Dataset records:
'''

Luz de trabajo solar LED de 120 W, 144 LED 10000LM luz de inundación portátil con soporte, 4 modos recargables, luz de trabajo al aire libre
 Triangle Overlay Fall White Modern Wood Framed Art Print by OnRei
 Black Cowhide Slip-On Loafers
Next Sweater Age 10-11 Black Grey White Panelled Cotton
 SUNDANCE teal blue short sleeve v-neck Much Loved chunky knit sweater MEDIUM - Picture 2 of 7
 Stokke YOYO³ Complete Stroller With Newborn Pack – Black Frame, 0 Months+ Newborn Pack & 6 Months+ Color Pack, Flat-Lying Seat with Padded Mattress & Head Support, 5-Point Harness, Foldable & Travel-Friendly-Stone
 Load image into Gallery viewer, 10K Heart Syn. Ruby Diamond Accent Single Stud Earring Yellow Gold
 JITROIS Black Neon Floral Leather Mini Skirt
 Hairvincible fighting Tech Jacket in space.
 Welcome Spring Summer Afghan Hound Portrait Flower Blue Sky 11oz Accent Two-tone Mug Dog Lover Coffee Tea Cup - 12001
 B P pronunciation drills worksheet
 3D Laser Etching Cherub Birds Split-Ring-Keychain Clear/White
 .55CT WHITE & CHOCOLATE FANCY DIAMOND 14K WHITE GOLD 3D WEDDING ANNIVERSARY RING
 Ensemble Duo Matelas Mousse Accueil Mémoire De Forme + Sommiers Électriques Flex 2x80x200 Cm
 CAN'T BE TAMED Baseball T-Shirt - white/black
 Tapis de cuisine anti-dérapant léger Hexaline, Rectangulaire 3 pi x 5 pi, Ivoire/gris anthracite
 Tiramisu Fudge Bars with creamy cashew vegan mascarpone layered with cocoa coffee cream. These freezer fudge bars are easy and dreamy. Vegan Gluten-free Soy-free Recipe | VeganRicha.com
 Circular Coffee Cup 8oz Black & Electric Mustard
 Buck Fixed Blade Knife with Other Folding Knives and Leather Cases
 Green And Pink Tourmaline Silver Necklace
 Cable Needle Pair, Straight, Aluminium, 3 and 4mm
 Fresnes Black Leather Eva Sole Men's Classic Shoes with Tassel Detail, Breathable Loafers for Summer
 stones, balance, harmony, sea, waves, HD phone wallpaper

'''

§ PROBLEM STATEMENT
Compute the number of lines in the entries above that hold the word "Accent"; the answer must contain nothing else.

§ WRITTEN SOLUTION
2